Lamenting the state of Apple's productivity apps

This bit by Dan Moren, for Macworld, got me thinking:

I think those apps are still needed, though. Not least of which because I don’t really see myself forking over $10 every month for an Office 365 subscription. For all of their shortcomings, I like Apple’s productivity apps, not only because they’re well designed, but because though they may not have every bell-and-whistle, they still let me get work done, whether it be writing, giving presentations, or tracking my finances.

And the nice thing is that it’s perfectly possible to get by these days without Microsoft Office. Just as the PC market has been shrinking, Microsoft’s stranglehold over the productivity space has been dwindling. Yes, Word/Excel/PowerPoint are still business’s lingua franca, but it’s not like it was twenty years ago. Some of that is other apps’ ability to read and export to those formats, but a big part has been played by the Internet, too. These days, it’s just as easy—and sometimes easier—to send a Google Doc link, a PDF, or even just paste plaintext into an email than it is to send a Word doc.

When I purchased the original MacBook Pro in 2006, I made sure I purchased the latest version of Apple’s iWork productivity suite along with it. As a student, it was important that I had access to reliable and easy to use applications to help me get that procrastinated essay out on the page. At the time, I felt that iWork had it all: the perfect mix of price, feature set, reliability, and interoperability with Microsoft Office users.

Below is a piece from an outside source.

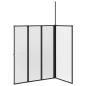 Preview: Duschwand Falten Other Schwarz 120 x 70 x 137 cm Aluminium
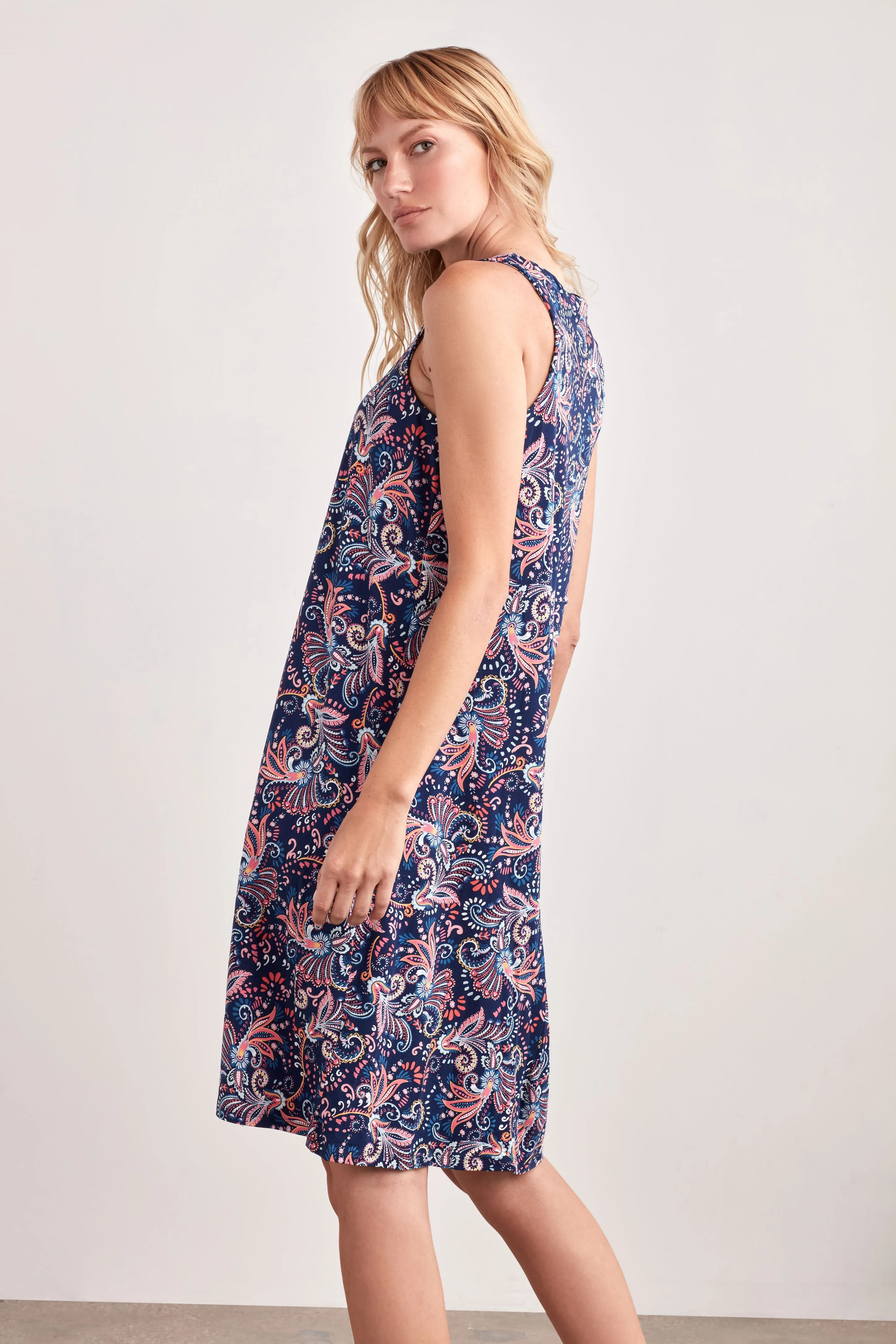 SLEEVELESS MIDI SLEEP DRESS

Here I am nearly a decade later, and if I had to make that decision today I know I wouldn’t buy iWork. While I find Microsoft’s latest Office offerings to be bloated and unreliable on Mac, I can’t say with a straight face that iWork is the overall better choice.

Apple is shown next to no interest in offering worthwhile updates to any of their productivity apps, and what’s worse is that the current version of iWork isn’t just bad, it’s arguably worse than the version I purchased back in 2006. Apple rewrote the entire iWork for Mac suite in 2013 so as to make it play better with iWork for iOS, which has never been very good.

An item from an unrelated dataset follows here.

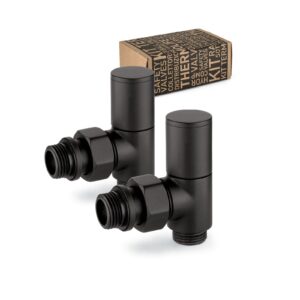 Rond-zwart Ronde knop knel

So Mac users have a choice. Use the neglected and largely forgotten about iWork suite, or pay an arm and a leg for Microsoft Office 365, which does receive updates and is incredibly powerful.

Of course, there’s always also Google Docs, which works just as well on the Mac as it does on any other platform. It’s got a limited feature set compared to the other two choices - you can’t install fonts, for example - but it can open and export Microsoft Office versions fine, supports best in class collaborative editing, offers 30 GB of free cloud storage, and is totally free of charge.

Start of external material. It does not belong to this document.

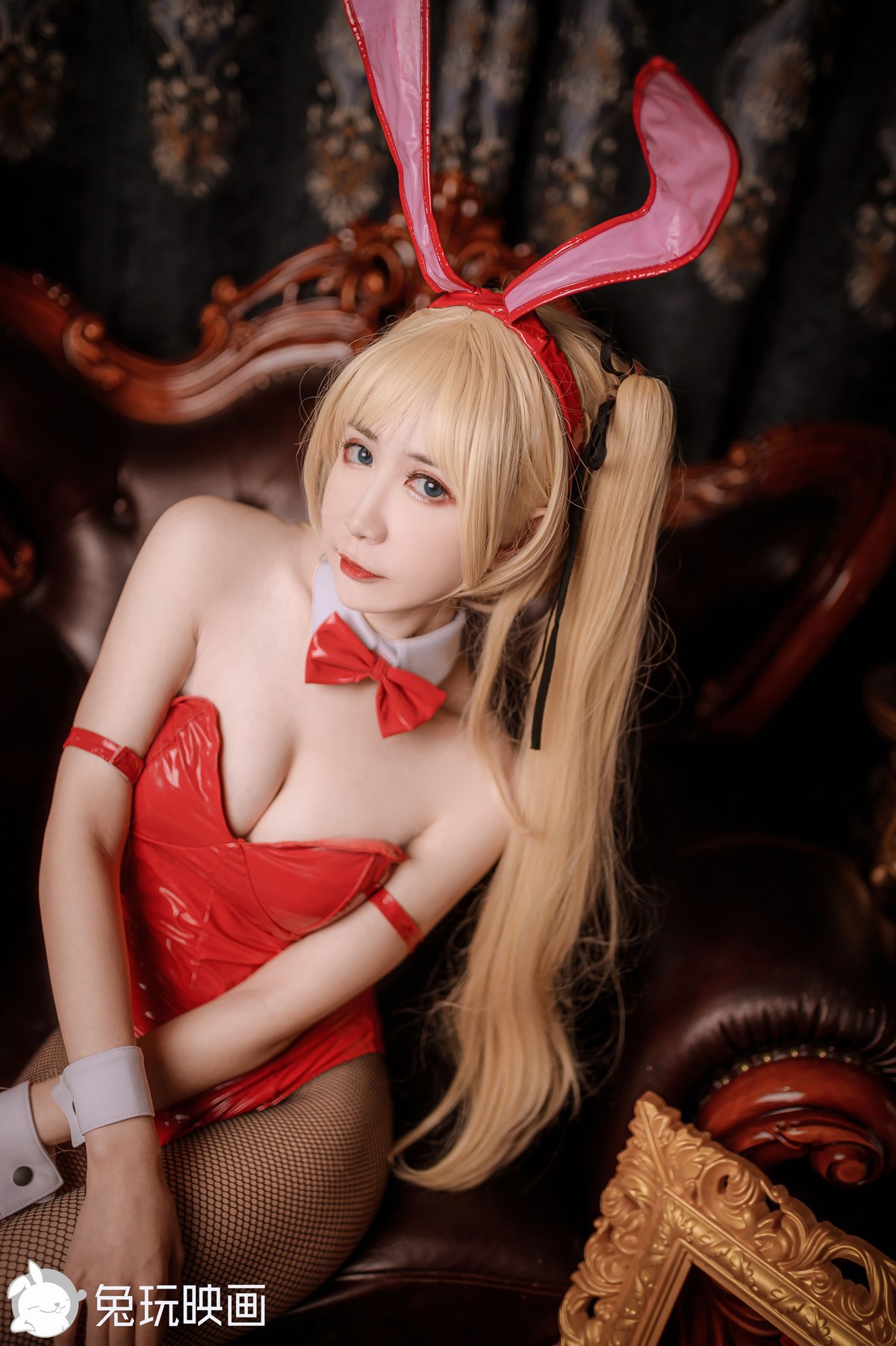 兔玩映画 Cosplay 兔女郎 红黑 4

But then again, you have to deal with Google sharing ownership with you of anything you save in Google Drive. So long story short, there’s no good option anymore.

And man, I really wish Apple would care enough to give us just one good option.

(Update 10/7/15, Microsoft has just issued out a fix which supposedly fixes the issues El Capitan users were having with Office 2016. Given the severity of the issue and Microsoft’s swiftness in fixing it, I have removed that part of my original post.)